Eine Wirtschaftsauskunftei darf Insolvenzdaten länger aufbewahren als das amtliche Insolvenzbekanntmachungsportal (OLG Frankfurt a.M., Urt. v. 27.09.2022 - Az.: 7 U 16/22).

Der Kläger verlangte von der Beklagten, einer Auskunftei, die Löschung seiner Restschuldbefreiung und berief sich dabei auf § 3 InsoBekV. Da die Informationen bereits vom amtlichen Insolvenzbekanntmachungsportal gelöscht worden seien, müsse auch die Beklagte diese Informationen löschen.

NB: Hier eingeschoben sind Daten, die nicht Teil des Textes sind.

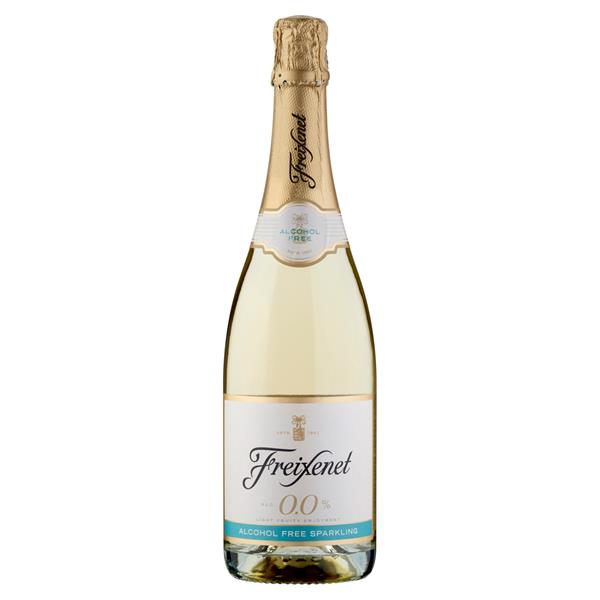 Freixenet Sin Alcohol 0.0 750Ml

In der 1., Instanz war er bereits vor dem LG Gießen gescheitert, vgl. unsere Kanzlei-News v. 13.10.2021.

Das OLG Frankfurt a.M. hat nun in der Berufungsinstanz diese Entscheidung bestätigt und klargestellt, dass Insolvenzdaten länger aufbewahrt werden dürfen als das amtliche Insolvenzbekanntmachungsportal.

"Die Beklagte ist nicht gemäß Art. 17 Abs. 1 d) DS-GVO zur Löschung der Information über die Erteilung der Restschuldbefreiung verpflichtet. Die Datenverarbeitung war rechtmäßig, weil sie gemäß Art. 6 Abs. 1 f) DS-GVO zulässig war. Es besteht ein berechtigtes Interesse der Beklagten und ihrer Vertragspartner an der Datenverarbeitung, welches die Interessen, Grundrechte und Grundfreiheiten des Klägers überwiegt.

Bei der Erhebung, Speicherung und Weitergabe der genannten Informationen über den Kläger handelt es sich um eine Verarbeitung personenbezogener Daten durch die Beklagte, bei der es sich um die Verantwortliche im Sinne von Art. 4 Nr. 7 DS-GVO handelt, gemäß Art. 4 DS-GVO. Ihr Handeln ist rechtmäßig im Sinne von Art. 17 Abs. 1 d) und Art. 6 DS-GVO, wenn der Betroffene eingewilligt hat; dies ist vorliegend nicht der Fall.

Rechtmäßigkeit ist ansonsten nur dann gegeben, wenn hierfür eine gesetzliche Grundlage besteht. Diese kann nach Art. 6 Abs. 1 f) DS-GVO gegeben sein, wenn die Datenverarbeitung zur Wahrung berechtigter Interessen des Verantwortlichen oder eines Dritten erforderlich ist, sofern nicht die Interessen, Grundrechte und Grundfreiheiten der betroffenen Person, die den Schutz personenbezogener Daten erfordern, überwiegen. Als berechtigtes Interesse kommt dabei jedes rechtliche, tatsächliche, wirtschaftliche oder ideelle Interesse in Betracht (OLG Schleswig, Urteil vom 02.07.2021, Az. 17 U 15/21; zitiert nach Juris)."

Und weiter:

"Ein solches Interesse ist bei der Beklagten anzunehmen.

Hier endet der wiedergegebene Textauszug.